Can you tell us more about your collaboration with Tappeti and how it has led to the launch of your first collection together? I’ve worked closely with Tappeti for several years, designing custom rugs and carpets for clients, so when Karinna Gobbo (Tappeti’s founder and CEO) asked me to collaborate with her, it was a no-brainer. For this 12-piece range, I was given incredible design latitude. The collection packs punchy patterns, unique border designs, plus feature motifs, icons, symbols and abstract landscapes inspired by my half-Egyptian heritage and belief in the power of magic.
Why did you choose to go back to your heritage for the inspiration behind the collection? It was more an instinctual design direction. The inspiration came when I was visiting my brother in Berlin just after the lockdown lifted in 2021. I visited the Egyptian Wing of the Neues Museum, which inspired the collection. David Chipperfield’s minimalist design approach to the renovation of the museum also really struck me. It’s a piece of architectural sorcery, as it shows how a modernist can take a major historic building and bring fresh life to it without losing the old fabric, its charm and its ghosts. That idea struck a chord with me. I wanted to infuse this collection with where I came from – but in a more contemporary way.
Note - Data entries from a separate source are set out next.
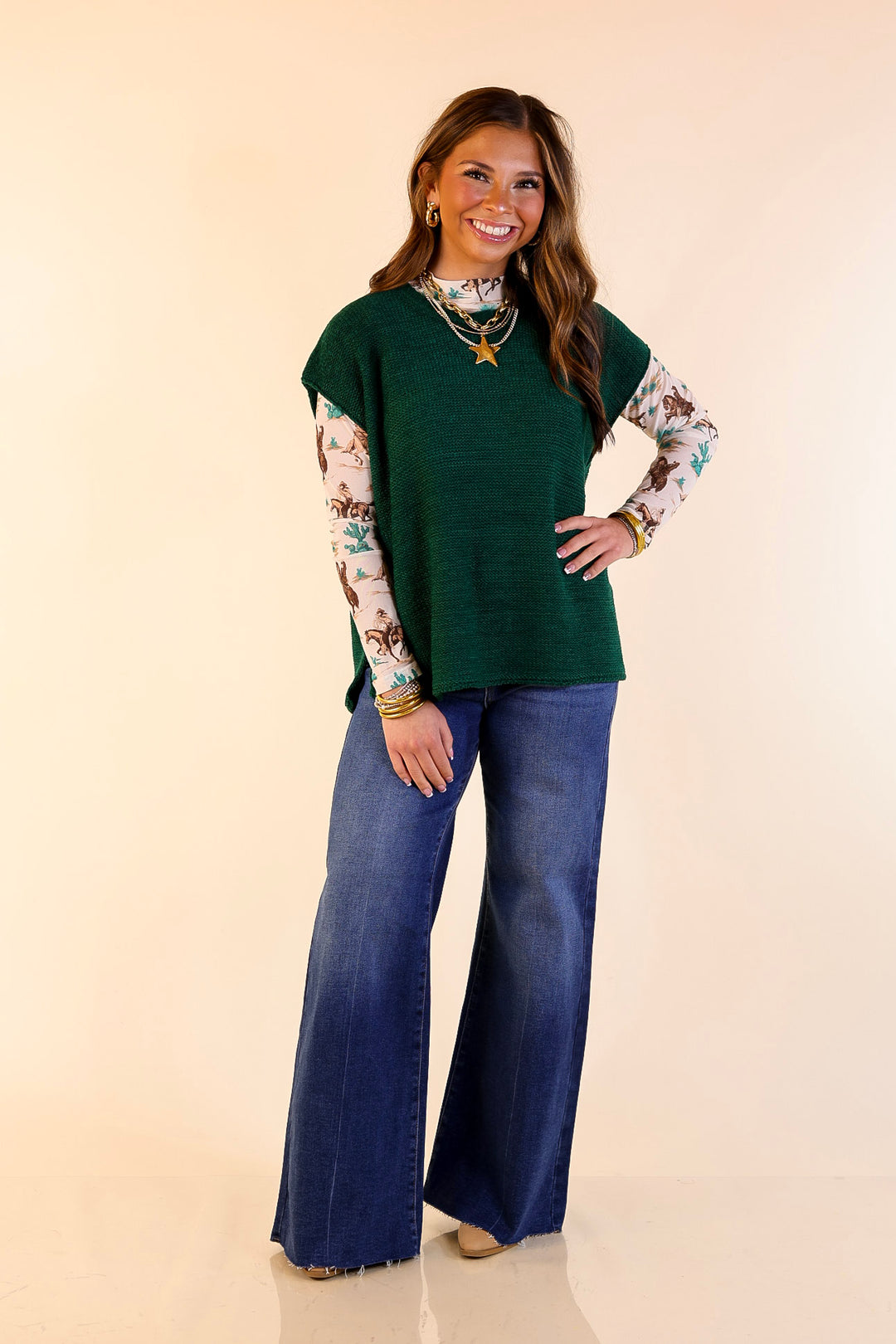 Forever Favorite Oversized Crew Neck Sweater Vest in Hunter Green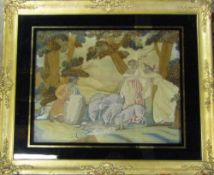Framed 19th century tapestry on silk depicting a shepherd with sheep and 2 women (tears to silk) 78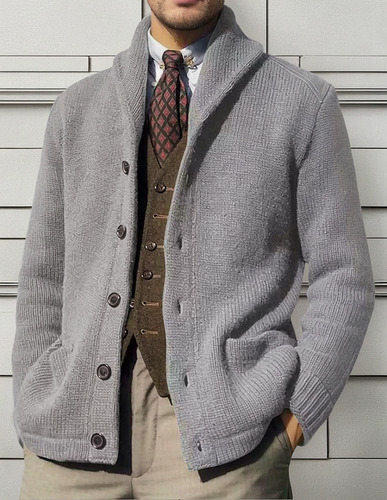 Suéter Casual Botón Bolsillo Cardigans Hombres Abrigo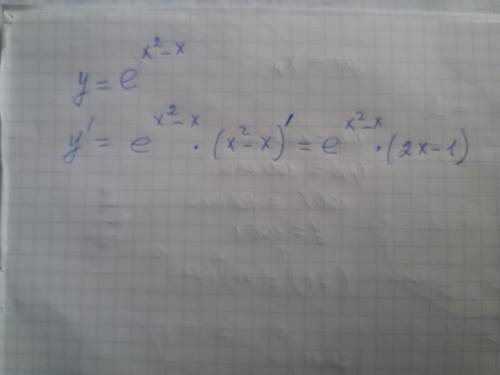 Y= e^((x^2)-x) (e (в степени x в квадрате минус x) указания к решению : 1. воспользуйтесь правилом в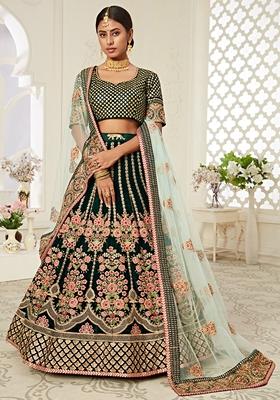 Green Embroidered Velvet Lehenga Set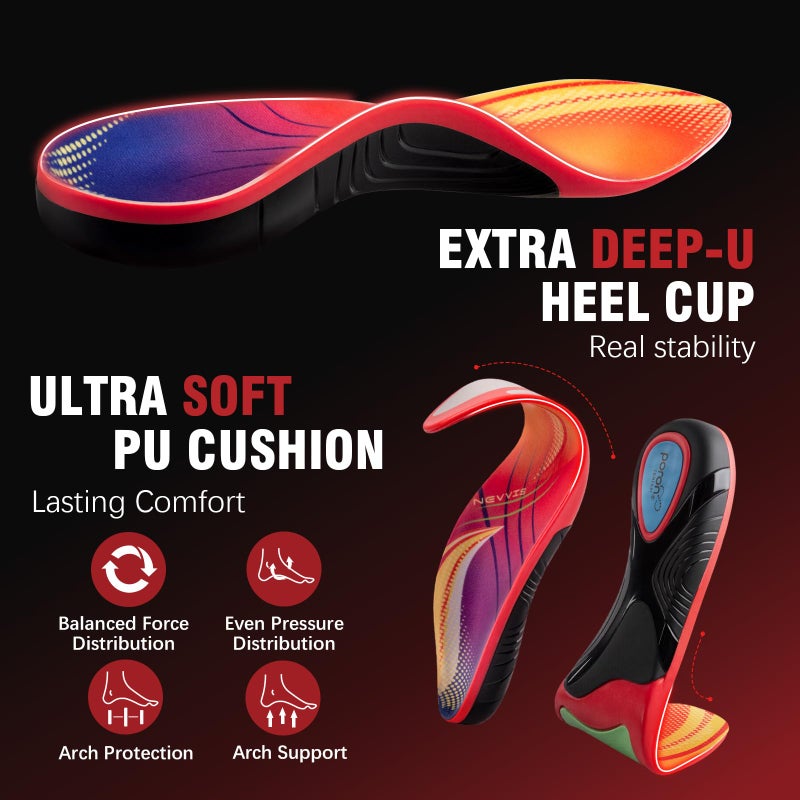 NEVVIS Plantar Fasciitis High Arch Support Insoles for Men & Women - for Flat Feet & Achilles Tendonitis, 240 lb Heavy Duty Work Boot Insoles with Shock Absorption & Arch Pain Relief - L - Image 4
Can you tell us more about the elements of ancient Egypt that inspire you and how this has been translated in the designs? It’s the landscapes of Egypt that inspired many of the designs. Bolder elements include a constellation of Seba stars flickering across a decadent midnight blue sky; [these] adorn the ceilings of tombs… [and] represent guidance to the souls of the departed on their journey to the Afterlife. That journey has always been a huge inspiration for me. To have it forever imbued in a rug, well that’s special. Other designs include rippled outlines recalling sand dunes, whilst checkerboard cut-out borders are a modern take on traditional patterns. Some references are more literal, like giant sarcophagi feet with twinkling gold toes grounding a rug. Combined, the rugs reference ancient Egyptian deities (all the rugs are named after them) plus the promise of the Afterlife, yet they’re infused with a distinctly contemporary feel [through] their playful nature and bold palettes.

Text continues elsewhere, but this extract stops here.